Public Works and City Engineer
The modern history of the Sonoma Valley is summarized in a greatly abbreviated form by the grave markers found in the City's cemeteries.
These old, beautiful remnants of past lives and their influence on the current character of the City, and even the entire Northern California region, should not be forgotten.
The City of Sonoma owns, maintains, and operates three cemetery properties that actively provide the service of final disposition of it's citizens' remains.
The City was incorporated in 1841, but was originally established by General Mariano Vallejo starting as far back as 1835. General Vallejo originally deeded the land for Valley Cemetery in 1835 with the entire city land tract map that established the original land uses. Mountain Cemetery was founded in 1841 when the city formally incorporated.
Most of the City's civic, economic and cultural leaders are buried in the cemeteries, most notably, General Vallejo and his wife, Francisco Carrillo Vallejo. A brief tour of the cemetery will prove many well-known wine making, farming, and long-time valley resident families, such as Sebastiani, McTaggart, Riboni, Ruggles, Docini, Bundschu, and Mulas that built beautiful family mausoleum buildings to memorialize their families' prominence in the community.

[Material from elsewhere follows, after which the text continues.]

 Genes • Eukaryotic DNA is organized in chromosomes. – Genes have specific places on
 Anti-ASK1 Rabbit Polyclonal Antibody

Captain H.E. Boyes, George Fetters, Franklin Sears and two Donner Party survivors, are interned in the cemeteries. The Sons of the American Revolutionary War claim that a veteran from that era, Captain William Smith of Flowerdew Hundred, VA is buried in an unmarked grave, making the cemetery one of the oldest continually operated cemeteries in the western United States, and perhaps also one of the most beautiful.